Need to set «errno = 0» first, surely?

> +/*
> + * Implements the getrandom builtin to return a string of random bytes of
> + * user-specified length.  It either prints them to stdout or returns them
> + * in a parameter passed on the command line.
> + *
> + */
> +
> +/**/
> +static int
> +bin_getrandom(char *name, char **argv, Options ops, int func)
> +{
⋮
> +    bool integer_out = false;	 /*  boolean */

The target audience for comments knows C.  So, nuke this comment.

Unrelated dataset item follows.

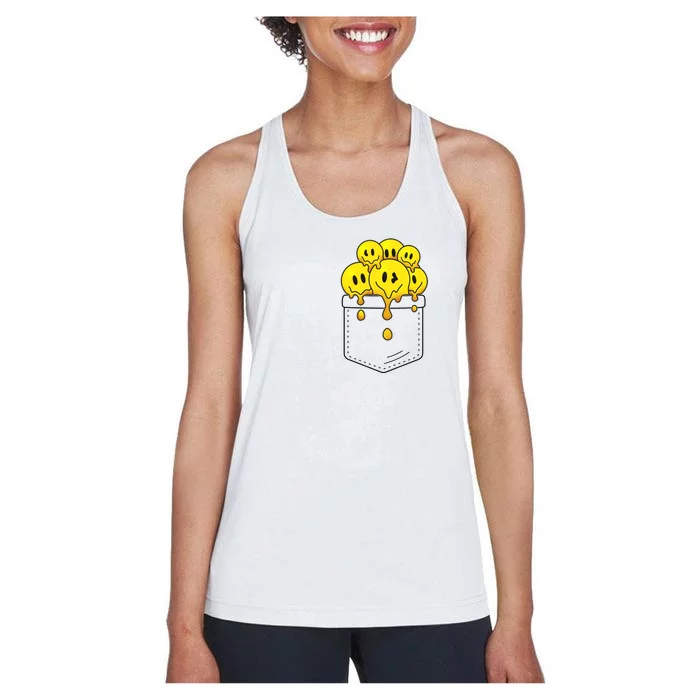 Funny Trippy Pocket Full Of Smiles Women's Racerback Tank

You might define inline enums here (for ints/bytes, scalar/array/stdout,
and decimal/hex/raw) to make the code more self-documenting.

Incidentally, this would also immediately raise the question of why some
combinations of these aren't valid (e.g., hex or raw bytes output to an
array).

> +    int i, j;		         /* loop counters */
> +
> +    /*maximum string length of a 32-bit integer + null */
> +    char int2str[11];

Have the comment point out that this doesn't include a sign byte?

FWIW, we have a 64-bit version of this in DIGBUFSIZE.

> +    /* Vailues for -U *nd -L */
> +    zulong   upper = UINT32_MAX, lower = 0;
> +    uint32_t diff  = UINT32_MAX;
> +    uint32_t min   = 0, rej = 0;  /* Reject below min and count */

«rej» is never read.

> +    bool     bound = false;       /* set if upper or lower bound specified */

Why is this variable needed?  Having it at all means that passing «-L 0
-U $((2**32-1))» is different to not passing any -L or -U option at all,
even though these values are ostensibly the defaults.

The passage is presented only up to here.